The new wave of studies doesn’t accommodate the reality of sprawling land use patterns in American metro areas. In the US, federal, state and local government policies ensure that the best housing, education and employment opportunities are in the suburbs. As development moves relentlessly outward, the centers of metropolitan areas deteriorate. Core cities suffer from both a diminished tax base due to population and business losses and the burgeoning costs of attempting to meet the increasing needs of poor residents.
Essentially, the needs of poor communities of color are subordinated to the needs of more affluent White suburbs. Urban planners, policy makers and others trying to revitalize city neighborhoods without gentrification need analyses that recognize the link between concentrated poverty and the institutional policies that have created and perpetuated this subordination.
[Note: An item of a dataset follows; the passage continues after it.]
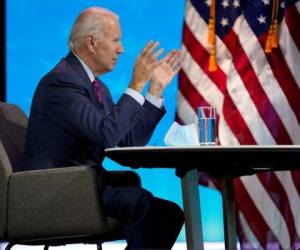 El presidente electo Joe Biden participa en una reunión virtual con la Asociación Nacional de Directores de Juntas de Condados en el teatro The Queen, el viernes 4 de diciembre de 2020, en Wilmington, Delaware. (AP Foto/Andrew Harnik).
While recent studies add substantially to our sociological and economic understanding of inner city lifestyles, they ignore the dynamics of metropolitan growth.
As urban scholar John Powell of Ohio State notes, “Studies that fail to account for the intersection of poverty and race and its impact on the entire metropolitan area simply repackage and recycle old and disappointing attempts at urban reform.”
Information on new scholarly studies of young African-American men is excerpted from “Plight Deepens for Black Men, Studies Warn: Growing Disconnection From the Mainstream” by Erik Eckholm, New York Times, March 20, 2006.